Cevap:
Dinini bilen ve seven erkekler, her hareketlerinde İslâmiyete uyarak, hem kendilerine, hem de aile ve akrabalarına, bütün mahluklara hayırlı ve faydalı olur. Bunun için, kızını seven ve onun dünyada ve ahirette mesut olmasını isteyen, dini ve ahlakı bozan televizyonları, radyoları dinlemesine ve böyle olan sinemalara ve topluluklara gitmesine mâni olmalıdır. Müslüman olan kimse, kızını Müslüman ve salih kimselere vermelidir. Mal, para, apartman ve mevki sahibi değil, din ve ahlak sahibi damat aramalıdır. Kızını kâfire veren kimsenin kendisi de, kızı da kâfir olur. Peygamber efendimiz, hadis-i şeriflerinde buyurdu ki:
(Bir kimse, kızını fasıka, kötü kimseye verirse, Allahü teâlânın emanetine hıyanet etmiş olur. Emanete hıyanet edenlerin gideceği yer, Cehennemdir.)
(Kızını fasıka veren kimse, melundur.)
(Şefaatime kavuşmak isteyen, kızını fasıka vermesin!)
Eşi'atül-lemeâtda yazılı hadis-i şerifte de;
(Ya Ali! Üç şeyi geciktirme! Namazı evvel vaktinde kıl! Hazırlanmış cenazenin namazını hemen kıl! Dul veya kızı küfvü isteyince, hemen evlendir!) Yani namazını kılan, günah işlemeyen ve nafakasını helalden kazanan birini bulunca, hemen ona ver, buyurdu.
***
Sual: Evlenmek, nikâhlanmak helal olduğu gibi, ayrılmak, boşanmak da helal, mubah değil midir?
Cevap:
Konuyla alakalı olarak Kimyâ-i se'âdette buyuruluyor ki:
“Erkeğin vazifelerinden birisi de, zevcesini, hanımını boşamamaktır. Allahü teâlâ, bütün mubahlar yani izin verdiği şeyler içinde yalnız, talak vermeyi yani boşamayı sevmez. Zaruret olmadıkça, birini incitmek caiz değildir.”
***
Sual: Bir kimse, kötü olan huyunu değiştirip, güzel huylu olabilir mi?
Cevap:
Bir kimsenin, ahlakını, huyunu değiştirip, kötüsünü yok edip, yerine iyisini getirmesi mümkündür. Hadis-i şerifte;
(Ahlakınızı iyileştiriniz!) buyuruldu. İslamiyet mümkün olmayan şeyi emretmez.
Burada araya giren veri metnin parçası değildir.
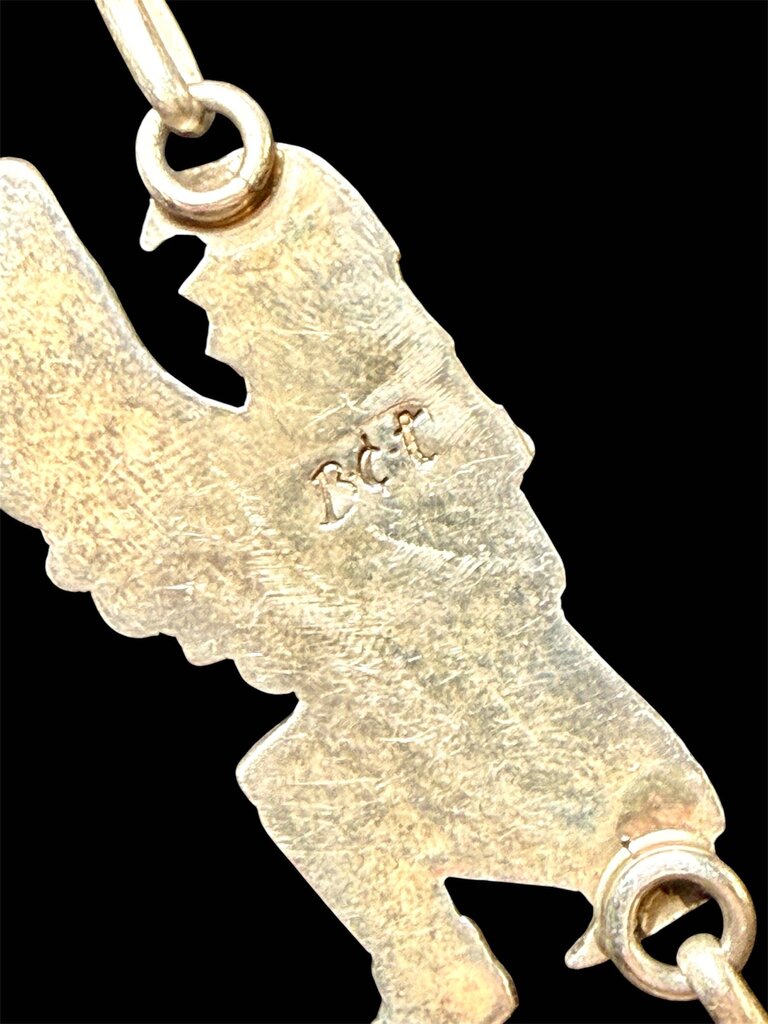 SS FLOYD BECENTI EAGLE PENDANT W/MEN W/FEATHER DANCERS NECKLACE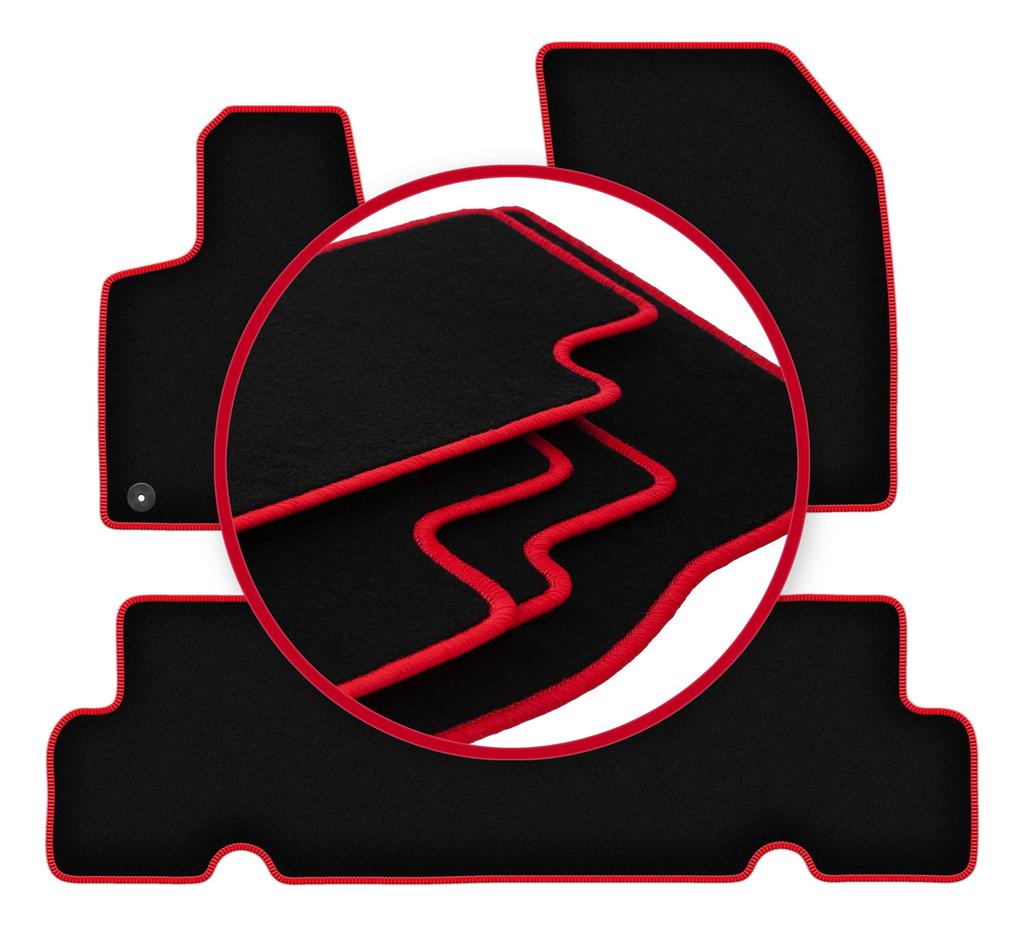 Velour floor mats with red edge for: Citroen C4 Grand Spacetourer minivan (2018-)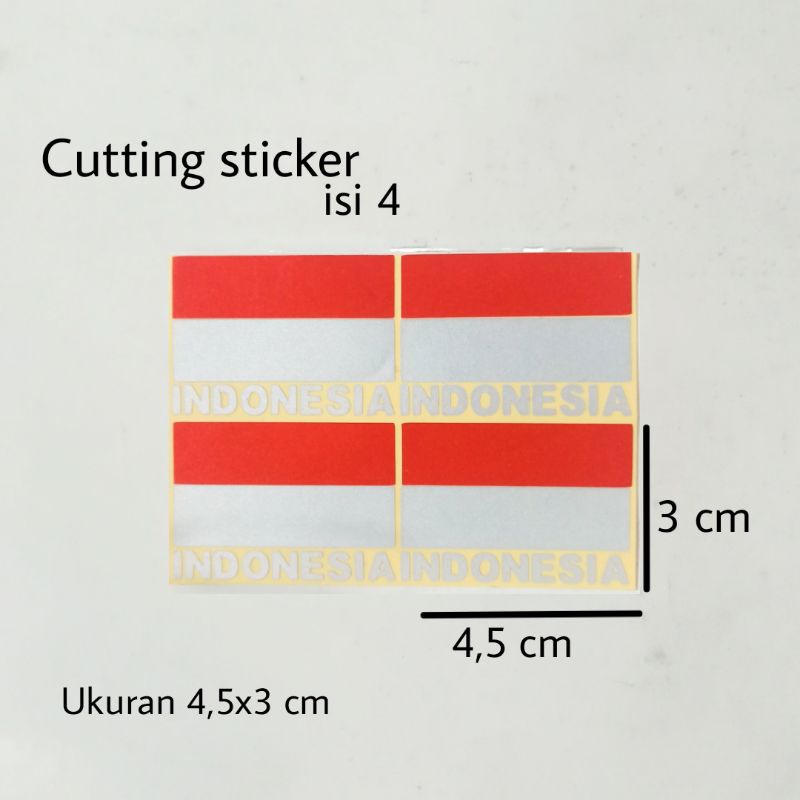 Jual Stiker cutting/Stiker merah putih isi4/Sticker ukuran 4,5x3 cm ...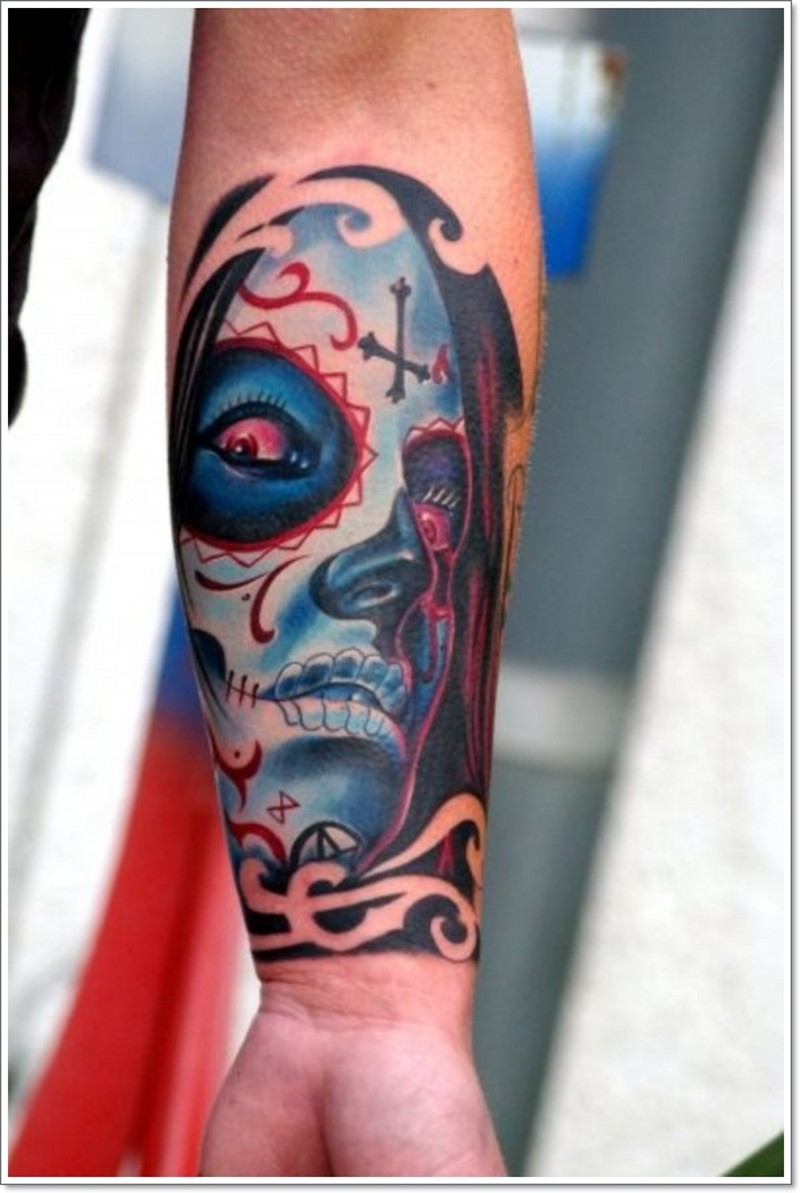 Santa muerte girl with red eyes tattoo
Tecrübeler de, böyle olduğunu göstermektedir. Tecrübe, kati bilgi elde etmeye yarayan üç vasıtadan biridir. Bu vasıtalardan ikincisi, Muhbir-i Sâdıkın yani Peygamberin haber vermesidir. Üçüncüsü, hesap ile anlamaktır. İnsanların, ahlaklarını değiştirme istidatları, kabiliyetler aynı değildir.
***
Sual: Bankanın vereceği fâiz nasıl uygun hâle getirilebilir?
Cevap:
Bankalar bazen milyonlarca lira ikramiye dağıtıyorlar. Bunu, bankaya fâiz ile para yatıranlar arasında kura çekerek, kazananlara veriyorlar. Hâlbuki, yılda yüzde onbeşe kadar muamele ile ödünç vermek câizdir. Bunun için, bankalar fâiz ödemeyip ve ikramiye vermeyip, bu paralar ile, para yatıranlardan ucuz olan bir malı, yüksek fiyat ile satın alarak, bunlara fâiz yerine bu malın bedelini ödeseler ve bankadan ödünç para alanlara ucuz malı, mesela verdikleri makbuzu, satarak, bunlardan fâiz yerine bu malın bedelini alsalar, böylece fâiz adı ile alıp verdikleri paraları, bu malların semenleri olarak alıp verseler, hem kendilerini, hem de milleti fâiz ve kumar günahlarından kurtarırlar.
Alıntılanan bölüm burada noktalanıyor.